Except, I was an absolute idiot.
Somewhere in the midst of planning posts and starting to throw things out into the blogosphere, I lost my voice. Instead of focusing on what I wanted to say, my focus became what I thought people wanted to hear. I was researching things that weren’t me, trying to pull together posts that weren’t me, all because my mind had shifted to an unhealthy place. Luckily, none of those posts made it past the draft stage. I could never bring myself to hit ‘publish’.
And, of course, because I wasn’t having fun with blogging (not really sure if my feeble attempt counts, but we’ll go with it for lack of a better word), I got bored and I gave up.
Months passed, 2016 got crazy busy, and having a blog became a bit of a joke aka ‘I have a blog but it sucks’. So when I started getting emails about my domain expiring, I was surprised that I jumped up to get my wallet. Why did I care about the domain for an extinct blog? I put my wallet down and went back to The Good Wife.
I thought that would be the final nail in the short blogging career. Yet, the original idea for The Curve Culture lingered in the corners of my very cluttered brain. To the point where I renewed the domain, ‘just in case’. But again, this blog sat here untouched. Unloved. Lost in the sea of abandoned websites.

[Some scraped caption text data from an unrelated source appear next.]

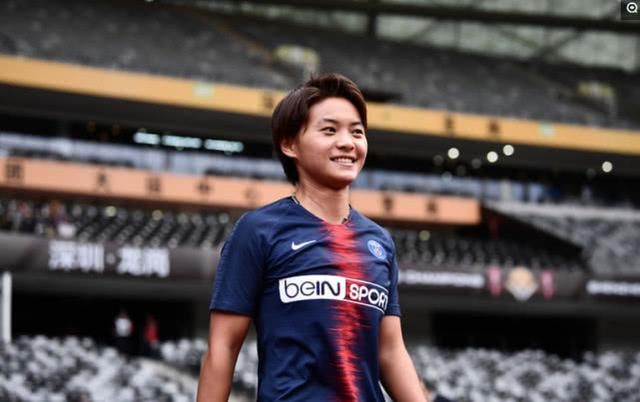 终有国足球员又进欧洲五大联赛!但跟白斩鸡没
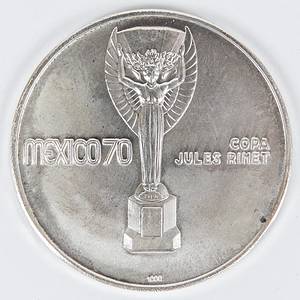  - Official participation medal from the World Cup in Mexico 1970. Front: Cup Jules Rimet, rear: eagle's head with football and inscription "Mexico 70". Diameter: 4.5 cm. (1,000 fine silver, complete silver weight approx. 30 grammes). Participation medals from the World Cup 1970 are extremely rare. There are two version of the participation medal: 6.5 cm was for players, the smaller version 4.5 cm was presented to volunteers. Slightly tarnished. Condition: A- - Bild 2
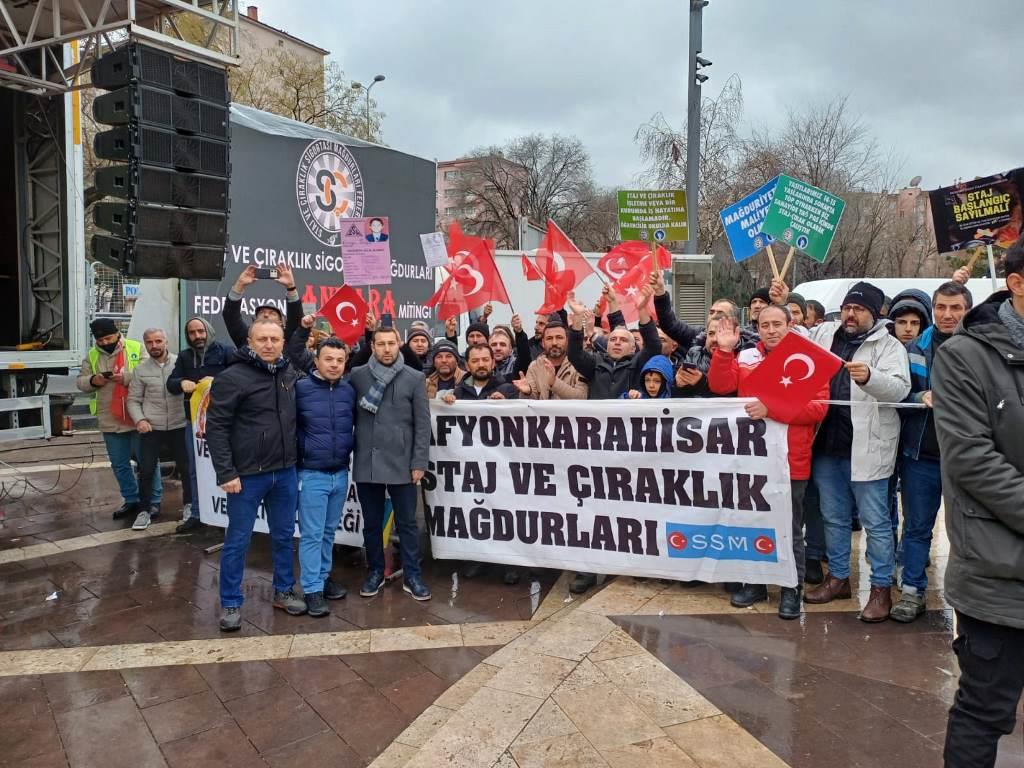STAJ VE ÇIRAKLIK SİGORTASI MAĞDURLARI ANKARA'DA MİTİNG YAPTI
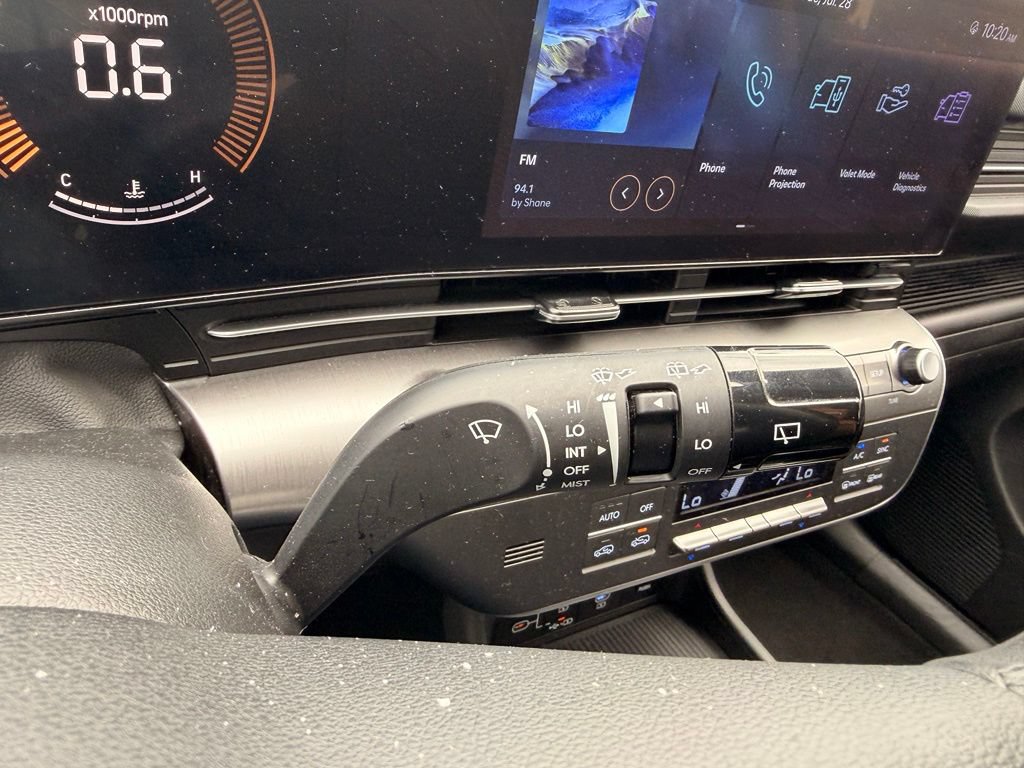 Used 2025 Hyundai Kona SEL AWD/4WD image 17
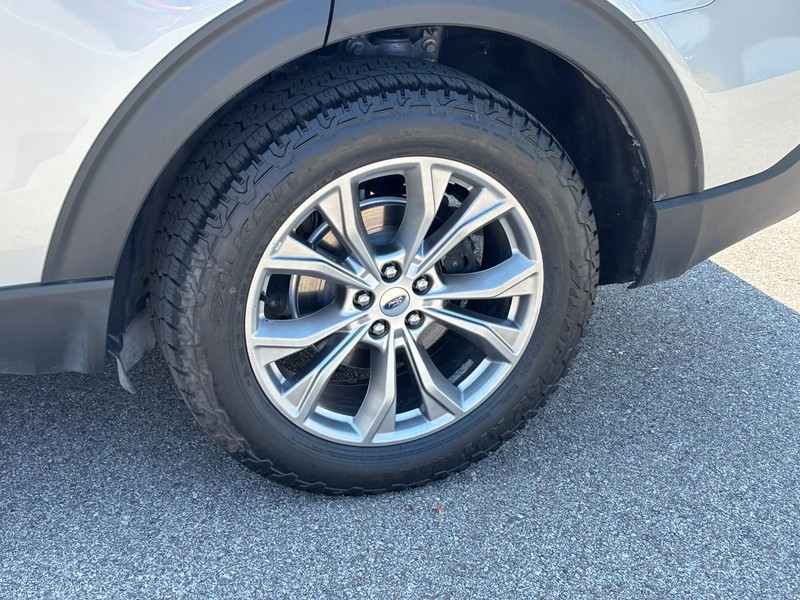 Ford Explorer Vehicle Full-screen Gallery Image 11
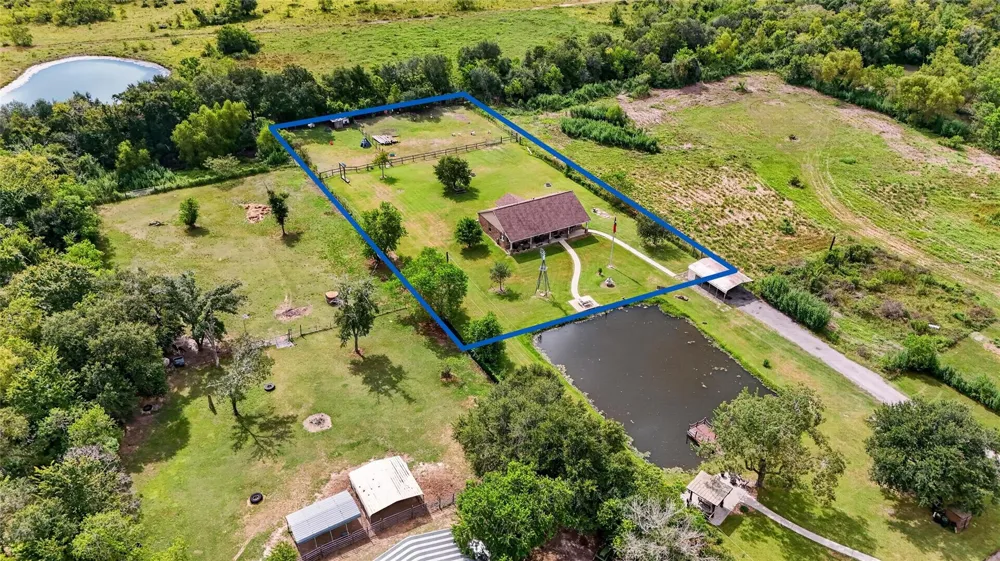 4933 Powers Ln Alvin, TX 77511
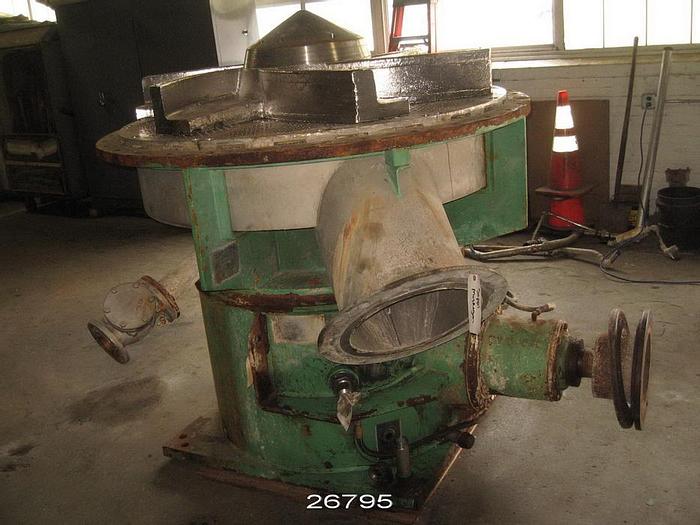 Used Voith Morden 54/43 HOAGV Pulper, 17.5 Feet Diameter (2000 Cubic Feet) All 316L Stainless Steel Tub. Voith Gv-15 Gear Drive With 400 Hp Motor. 200 Rpm Hog Style Stainless Steel Rotor. Extraction Plate Has 0.75" Diameter Holes. New In 1989. #26795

But here I am. Writing a new blog post.
I’ve had some experiences lately that have niggled at me. Stuff that I’ve done, seen, cried about… All things that I’d wanted to blog about and share because they were me and they were real. Most of all? Because someone else might feel the same and then we’d both feel less alone.
I have stayed on the fringes of the fat positive blogging community. I continued to admire fashion, beauty, opinion (and more) bloggers from afar and read/watched things that have been me feel less alone and more human.
Now, it’s time for me to be active in a community that has given me so much without knowing. I’m ready to add my voice to the mix, even if it gets lost amongst the crowd. I can’t promise that it will be frequent or interesting but I can promise it will be me and it will be honest. Sounds wanky, but it’s true! Promise!
Anyway… the important will be that I said something.